Priestlands School has kept animals at its site in Lymington, Hampshire, to teach pupils about farming for the past 10 years.
However, a petition calling for them to be saved had been signed more than 41,000 times by Tuesday afternoon.
The school said it had always been "open" about the purpose of the pigs.
Animal rights campaigner Ed Winter, who launched the petition, said a vegan parent had contacted him after "begging" the school to send the pigs to a sanctuary.
He said: "In 2018 we should be teaching children compassion towards animals.
"The school has made students and parents uncomfortable, by discriminating against their beliefs by condemning these pigs to death."
He added that the pupils have "never had a say in the matter" and claimed they were not being given "an objective education with both sides of the story".
Head teacher Chris Willsher said the secondary school decided to send the pigs back to the farmer who gifted them following the complaint and before the petition was launched.

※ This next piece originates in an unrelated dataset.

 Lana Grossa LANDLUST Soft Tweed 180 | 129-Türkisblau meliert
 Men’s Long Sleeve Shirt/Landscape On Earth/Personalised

He said pigs had been "well cared for" in a walled garden since 2008, and that it was made clear to students that they would be slaughtered and were "not pets".
"Indeed they are sold as Priestland's Porkers to staff, to the local community through butcher's shops and are served in the canteen with students knowing very clearly that they are sausages made from our pigs," he added.
Mr Willsher said sending the pigs back to the farm would allow time for a consultation on the future of the school's policy, and that he respected the views of vegans.
"We are not campaigning for meat eating, we are simply wanting children to learn about where their food comes from," he added.